Introduction
Access to Wishbone (WB) slaves in the FPGA from the host system is a prominent use-case for the accelerator control system. For this report, the performance for Etherbone 'reads' is compared for different scenarios. The measurements were taken in early 2018 ("cherry release").
While
Wishbone is the System-On-a-Chip (SoC) bus for communication between IP cores confined in the FPGA of a Timing Receiver, the EtherBone (EB) protocol is extends
the reach of the SoC bus to remote FPGAs or processors, for an overview see
here. Etherbone works most efficiently on modern serial buses such as PCIe, USB or Ethernet, but parallel buses like PCI or VME can be used too.
Stack
Figure: Stack from a user-space application to Wishbone (WB) slaves. The external hardware (not shown) is implemented by IP cores that have a Wishbone slave interface. Shown are a host system (top) and a SoC FPGA with Wishbone slaves (bottom).
The figure above shows the stack using the Etherbone (EB) protocol. From top to bottom: A
user program in user-space uses the
Etherbone API to configure a
Etherbone cycle, that may include multiple 'reads' ('writes') from (to) the hardware The
Etherbone library processes theses requests and hands them over to the
Wishbone driver, which builds a EB frame (see
here). The EB frame is passed on to the
EB serial driver, which sends it over the (serial) bus to the FPGA. Here, the
EB serial driver receives the frame and acts as Wishbone master to perform 32bit 'reads' and 'writes' on Wishbone SoC bus. If requested, the reply including the 'reads' is send up to stack and back to the
user program.
Methods
Figure: Three methods that can be used to communicate to the SoC via Etherbone. Shown are three requests (A, B and C), each with two read operations (A1, A2). Requests from the user program are marked by upper-case latin letters, Etherbone frames are marked by lower-case latin letters and the (serial) protocol of the bus bridge are marked by greek letters. Replies from the hardware are marked by an apostrophe.

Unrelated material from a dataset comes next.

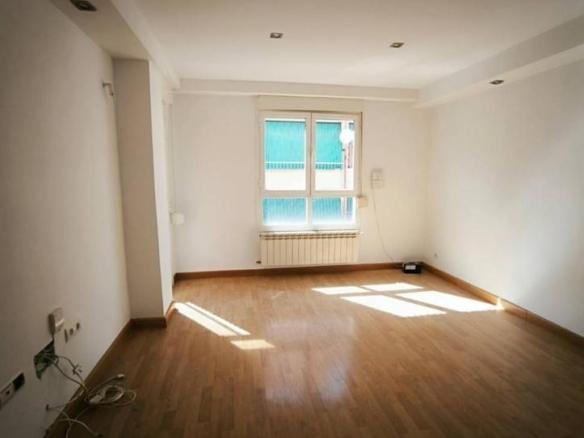 Apartment for sale in Ensanche – Franciscanos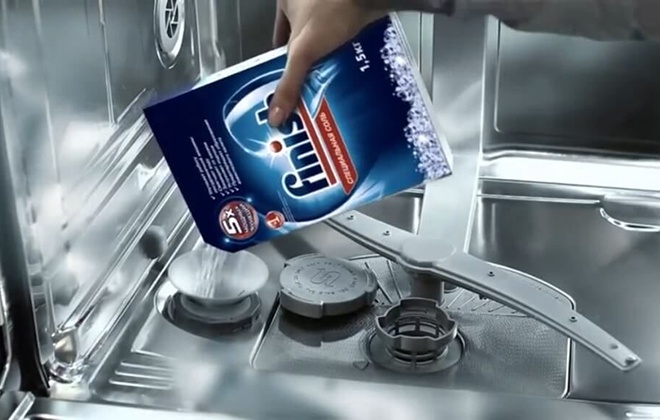 Вылейте порошок в раковину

As shown in the above figure, the following methods using Etherbone are provided by the API (from left to right).
Convenience Functions
These functions allow the to read (write) data from (to) Wishbone slaves with minute programming effort. They are easy to use, as the user does not need to program the EB cycles. As a downside, every operation (read or write) is encapsulated into a separate cycle. Convenience functions have the worst performance for multiple read (write) operation in terms of throughput and rate.
Blocking "Single" Cycles
Here, multiple reads and writes into the same EB cycle, which is configured as
blocking. Performance-wise, all operations planned into the
same EB cycle are processed at line speed. With today's high speed serial buses, the duration of
one blocking EB cycle is dominated by the round trip time. Applications using blocking calls suffer, if multiple operations should be performed in a row: As shown in the figure, the request
A (containing the two 'reads') is sent and the user program must wait for the reply from the hardware and the completion of the transaction, before the blocked cycle
B (and later
C ) can be committed. Still, blocking operation is inappropriate for applications requiring high throughput.

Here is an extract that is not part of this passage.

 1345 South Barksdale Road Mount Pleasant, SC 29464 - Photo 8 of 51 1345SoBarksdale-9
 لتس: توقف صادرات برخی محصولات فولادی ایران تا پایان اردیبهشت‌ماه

Pipelined (Asynchronous) Operation
Pipelined - asynchronous - operation allows processing multiple Etherbone cycles 'in flight' at the same time: Requests are 'streamed' from the host system to the hardware directly one after the other, while the host system receives the replies from the hardware asynchronously. As the serial bus is not blocked, full-duplexed serial buses can be utilized at line speed. Technically, the Etherbone API makes use of callback functions. In terms of "single cycle" round trip time, pipelined operation provides basically the same performance as blocking operation. In addition, it provides best performance for application requiring high data rates and/or throughput.
Measurement
Figure: A Wishbone slave is used to obtain White Rabbit timetamps. Single timestamps are read in the FPGA from a Wishbone master (dark grey, left and right). In between, a series of timestamps is read from the same Wishbone master (dark blue, middle). The grey areas before/after the Wishbone read operations depict the overhead by the full stack from the user program to the Wishbone master. See text for description.

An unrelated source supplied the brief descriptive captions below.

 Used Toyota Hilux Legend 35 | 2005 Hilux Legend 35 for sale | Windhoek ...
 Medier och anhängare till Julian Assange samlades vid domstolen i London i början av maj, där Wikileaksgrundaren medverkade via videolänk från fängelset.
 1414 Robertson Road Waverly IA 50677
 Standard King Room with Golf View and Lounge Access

What we want to measure is the performance of Etherbone under various conditions. This includes the total time it takes to go through the full stack from user program to Wishbone slave and back. In this measurement, we have chosen the ECA as Wishbone slave providing 64bit White Rabbit timestamps. To start, we read a single timestamp from the ECA (dark grey, left). Then, we put a number of 'reads' into one Etherbone cycle and iterate a couple of times (middle, iterations not shown). Finally, we read a single concluding timestamp (dark grey, right). After the measurement,
all(!) timestamps are available in the memory of the user program and can be analyzed. The figure above depicts a couple of possibilities to analyze the data.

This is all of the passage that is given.